Any guidance -- or a specific test that I might run to determine the "best" model?

Christian
 Bengt O. Muthen posted on Sunday, July 13, 2008 - 5:13 pm
I think I would go with the unrestricted model if it has the lower BIC, unless you have a specific theory for the existence of a zero class. I am not much for "model trimming", but just reporting the results even if some parameters may not be needed. But if you want to test for one of the classes being at zero probability for all item, perhaps you can use the Wald test of Model Test.
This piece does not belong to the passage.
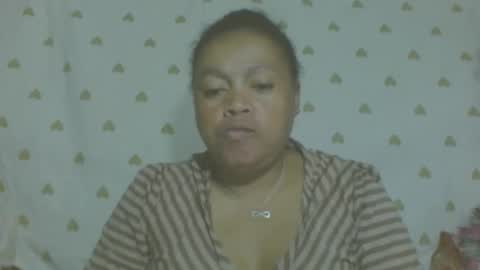Snapshot of carinesexy69 chatting on May 12, 2026, 11:51 am carinesexy69 online show from May 12, 2026, 11:51 am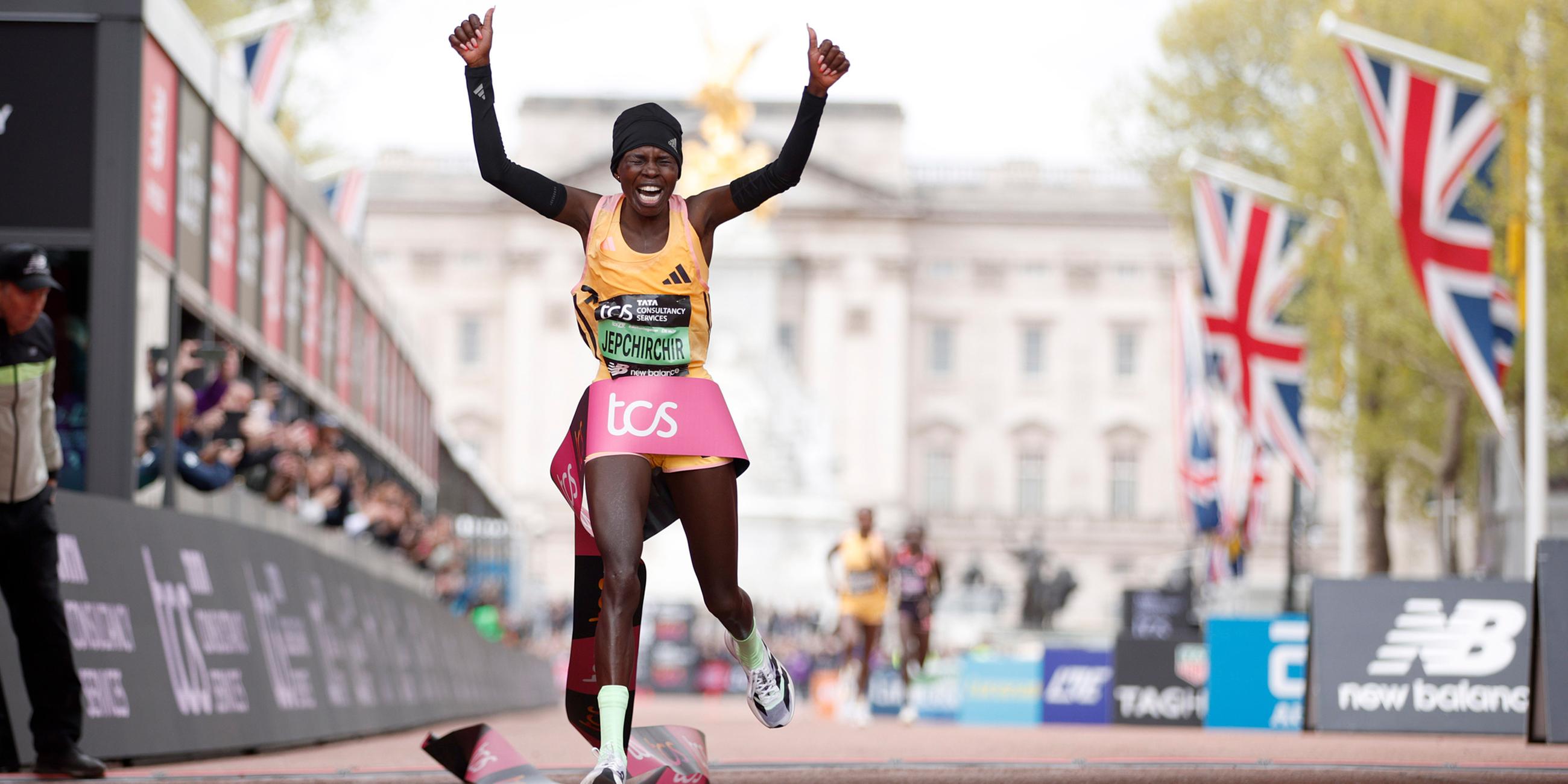 Peres Jepchirchir überquert die Ziellinie beim London-Marathon.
For instance, you can define item j's probability as

Model Constraint:

pj = 1/(1+exp(tj));

where tj is the label for the threshold of item j. Then you use

Model test:

pj=0;

You do this for all items at the same time. I haven't tried it, but I think it should work.
 Christian M. Connell posted on Monday, July 14, 2008 - 4:01 am
Thank you for the response. A couple of follow-ups:

Is there any indication as to the "sensitivity" of the Adj. BIC -- given these differences are less that 2 pts?

Would these two 4-class models be considered nested, since the same predictors and number of classes are specified -- only one model includes constraints that force one class to include youth with no use? If so, is it appropriate to conducted a difference in chi-square (or equivalent) test to see whether the constraints significantly worsen fit?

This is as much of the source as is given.